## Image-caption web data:
* * * * * * * * *
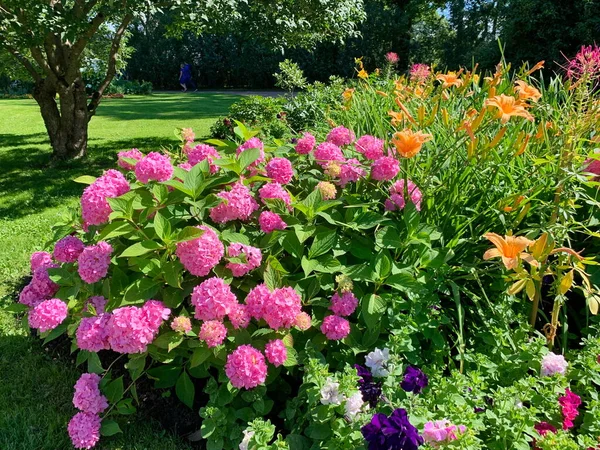 Prachtvolles Blumenbeet Park Blühende Rosa Hortensie Kugelförmiger Blütenstand Nächste Orangefarbene lizenzfreie Stockfotos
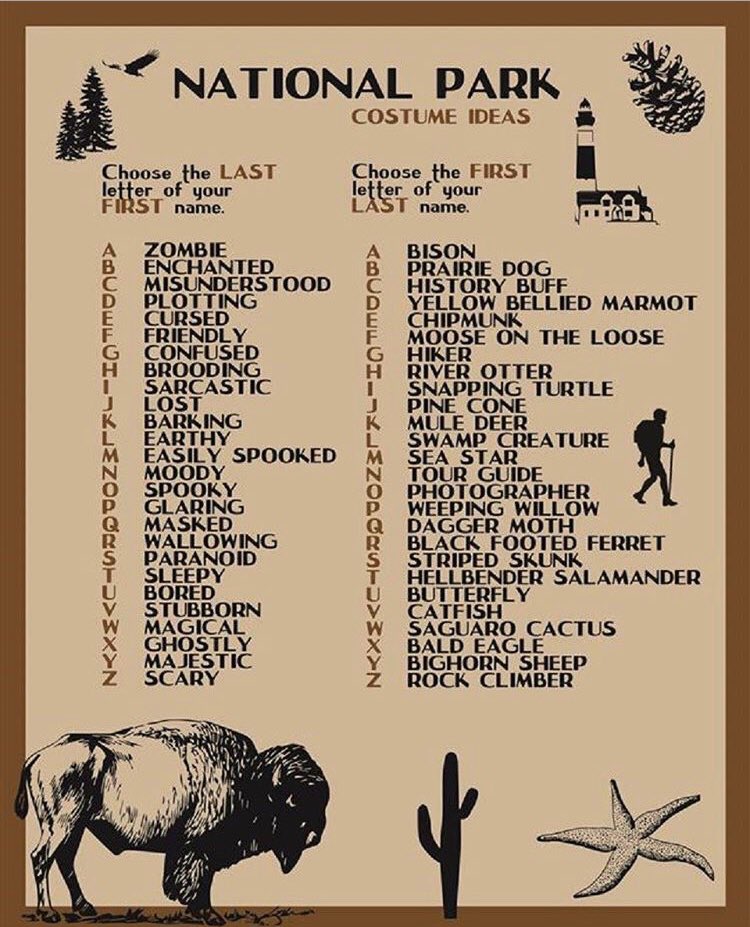 The title reads: National Park Costume Ideas and the options include a list A to Z using your first and last name to determine your costume name with icons of birds, bison, trees, and more against a brown background and darker brown frame.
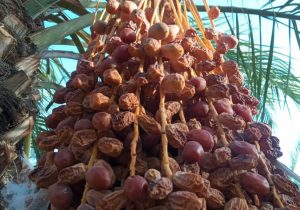 خسارت سه هزار میلیارد ریالی به نخیلات قیروکارزین بر اثر خشکیدگی خوشه های خرما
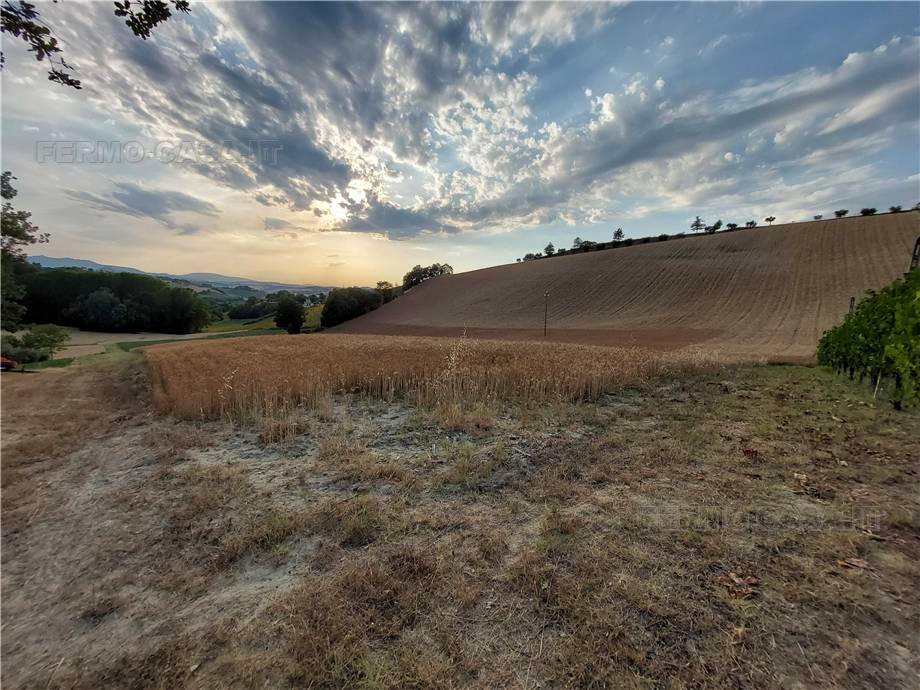 For sale Land Montottone  #Mtt002 n.16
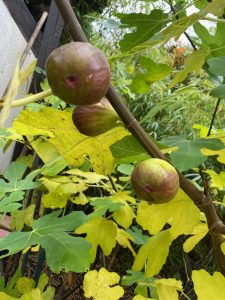 letzte Feigen im November - Bernd Opel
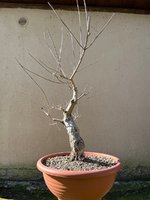 20230129_10_bonsai_vitex_agnus_castus_04.jpeg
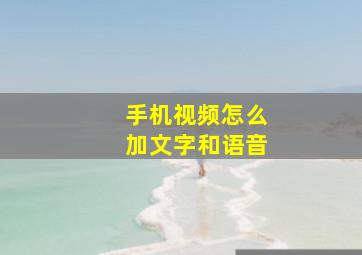 手机视频怎么加文字和语音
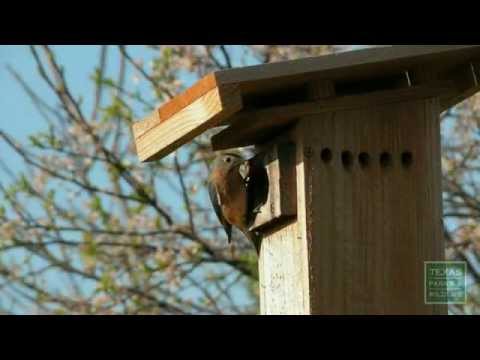 How to install a Bluebird nest box - Tips from a Wildlife Biologist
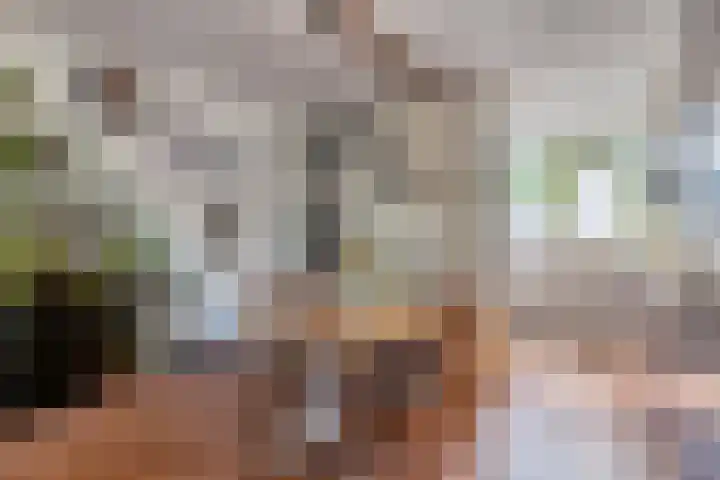 Sleutelbloem 55 Culemborg thumbnail 8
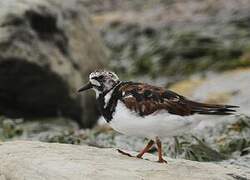 Ruddy Turnstone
* * * * * * * * *
## Activity:
The entries should be printed again exactly as written, leaving all pictures out.

## Exercise response:
 Prachtvolles Blumenbeet Park Blühende Rosa Hortensie Kugelförmiger Blütenstand Nächste Orangefarbene lizenzfreie Stockfotos
 The title reads: National Park Costume Ideas and the options include a list A to Z using your first and last name to determine your costume name with icons of birds, bison, trees, and more against a brown background and darker brown frame.
 خسارت سه هزار میلیارد ریالی به نخیلات قیروکارزین بر اثر خشکیدگی خوشه های خرما
 For sale Land Montottone  #Mtt002 n.16
 letzte Feigen im November - Bernd Opel
 20230129_10_bonsai_vitex_agnus_castus_04.jpeg
 手机视频怎么加文字和语音
 How to install a Bluebird nest box - Tips from a Wildlife Biologist
 Sleutelbloem 55 Culemborg thumbnail 8
 Ruddy Turnstone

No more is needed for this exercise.